De bonnes nouvelles pour les producteurs Lactalis
C'est avec fierté que l'Organisation de producteurs Lactalis de Cuincy présente l'accord-cadre national, négocié avec l'Union nationale des éleveurs livreurs à Lactalis (Unell). La voie vers le ruissellement promis par les EGA serait-elle ouverte ?
animatrice de l'OP.
L'intégration des coûts de production à la formule de prix et un autre système de redistribution des volumes : à l'aube de leur transposition dans un accord-cadre en vue de leur application, l'Organisation de producteurs Lactalis de Cuincy est fière de présenter les deux victoires obtenues après des années de travail.
Finalisé à la fin de l'été 2019 et signé le 26 novembre, le résultat de ces mois de négociations - déléguées à l'Union nationale des éleveurs-livreurs Lactalis (Unell) - vise à traduire les modifications contractuelles induites par les lois Sapin II, Hamon et Egalim. «J'y travaille depuis le début de mon mandat il y a un an et demi, et mon prédécesseur était déjà sur le dossier», indique Emmanuel Coudyser, président de l'OP. C'est dire le temps qu'il faut pour faire bouger les lignes.
Des négos sous tension
Le plus gros point bloquant a été la formule de prix du lait. Lactalis refusait d'y intégrer le coût de revient. Les discussions s'enlisaient. «C'est là que sont intervenus les EGA, explique Cassandre Wallet, animatrice de l'OP de Cuincy. L'État a bien fait le constat que les producteurs ne s'en sortaient pas, et qu'il fallait légiférer pour maintenir la filière.» Fait rarissime, le discret P-DG de Lactalis, Emmanuel Besnier, a reçu les producteurs à Laval le 17 septembre 2018.
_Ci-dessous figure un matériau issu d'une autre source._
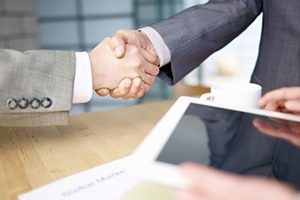 TalentRISE Releases Search Tool Flexible Fee Options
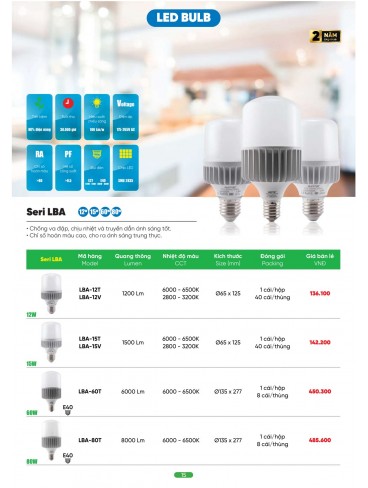 CATALOGUE MPE T04.2026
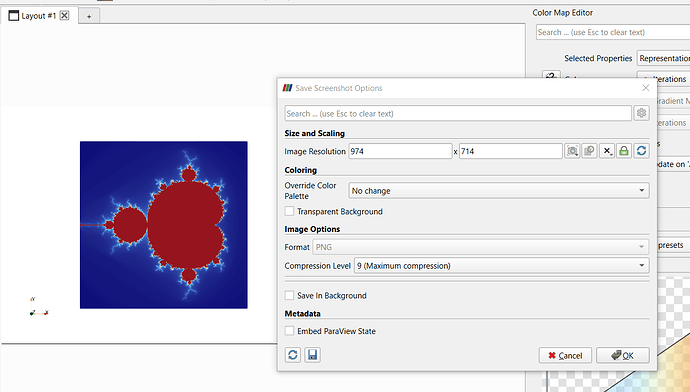 save_screenshot_as_jpg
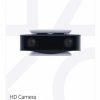 HD Camera PS5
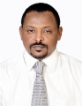 Abdelaziz Osman — DHA-licensed Psychiatry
Pour trouver un accord après des mois de négociations, à l'été 2019, les parties entament une médiation avec un médiateur des relations commerciales, un fonctionnaire d'État. Le 6 septembre, elles se retrouvent au ministère de l'Agriculture. «Ça a duré douze heures. On ne s'est arrêté que pour aller manger. Et pas dans le même restaurant...», ajoute-t-il avec humour.
Un accord est trouvé sur la base de la formule de calcul, à savoir le «mix produit» de l'entreprise : 50 % de produits de grande consommation (PGC) France, 30 % de produits industriels beurre-poudre, et 20 % de PGC à l'export. Restait à déterminer les indices de référence, sortes de multiplicateurs appliqués à chaque maillon de la formule.
Coût de revient ou PVI
Les 30 % beurre-poudre seront indexés à la valorisation beurre-poudre du Cniel, et les 20 % de PGC à l'export sur le prix du lait allemand. Le désaccord a concerné les 50 % restants, représentant les PGC France.
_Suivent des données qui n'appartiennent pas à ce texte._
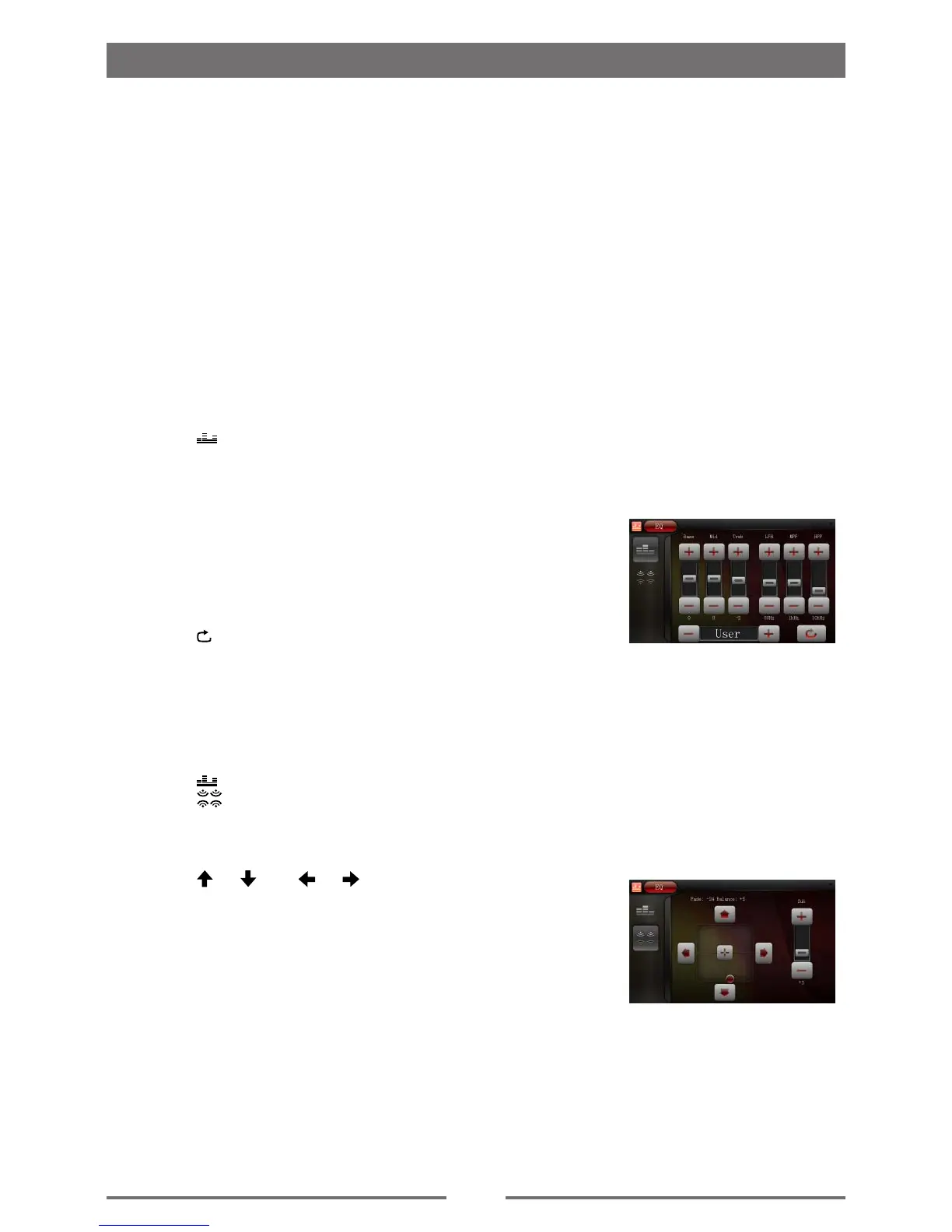 Page #19 background image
«C'était là qu'il fallait intégrer le prix de revient, reprend Cassandre Wallet. Si la loi Egalim a été votée en octobre 2018 en France, l'indicateur du prix de revient n'a pas encore été validé par l'Union européenne. D'où un certain flou.»
Lactalis veut indexer ces 50 % de PGC France sur le prix de vente industriel (PVI), de l'Insee. L'Unell demande, quant à elle, leur indexation sur le coût de revient à hauteur de 396 EUR/1 000 l. Ce chiffre ne sort pas de nulle part : il s'agit d'un indicateur du Cniel établi par l'Institut de l'élevage sur la base de la méthode «Coutprod». «Pour remplacer un éleveur, on estime qu'il faut deux salariés à temps plein, précise Emmanuel Coudyser. Il intègre donc une rémunération des unités de travail humain (UTH) à hauteur de deux Smics.»
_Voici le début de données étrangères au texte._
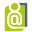 smart-it-gmbh.de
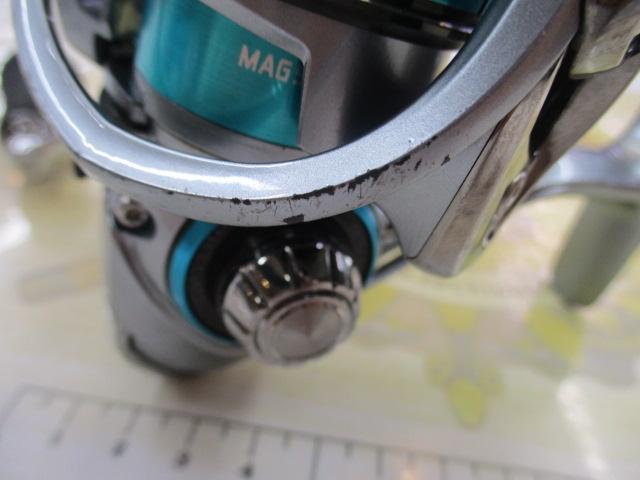 18エメラルダスエア LT3000S-CXH-DH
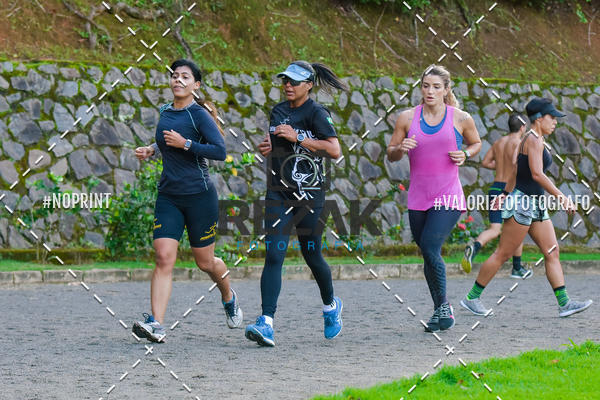 Buy your photos of the eventTreino na UFBA  (31/07/2019) on Fotop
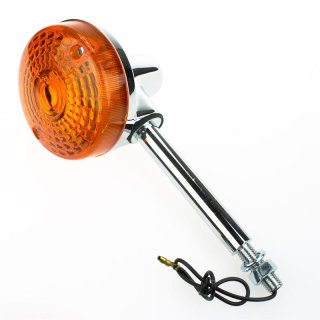 Blinker SUZ GN/GS/DR400, hinten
Le calcul de la valorisation des 50 % de PGC France sera finalement basé à parts égales sur ces deux indicateurs. «On a fait 50-50. Le rêve, c'était d'intégrer 100 % des coûts de production, mais on a limité la casse. Au fond, le PVI permet de garder un oeil sur les prix à la sortie de l'usine. La médiation s'est terminée là-dessus. Tout a été finalisé dans la foulée, puis signé le 26 novembre.»
«Meilleur prix du lait» et volumes supplémentaires
La prise en compte de ce coût de revient pondéré à 355 EUR/1 000 là hauteur de 25 % du prix global «occasionne une hausse de 10 %, se réjouit l'éleveur. Cela nous donne un prix du lait supérieur à 340 EUR/1 000 l, ce qui place la laiterie parmi les meilleurs prix du lait 2019 en région.»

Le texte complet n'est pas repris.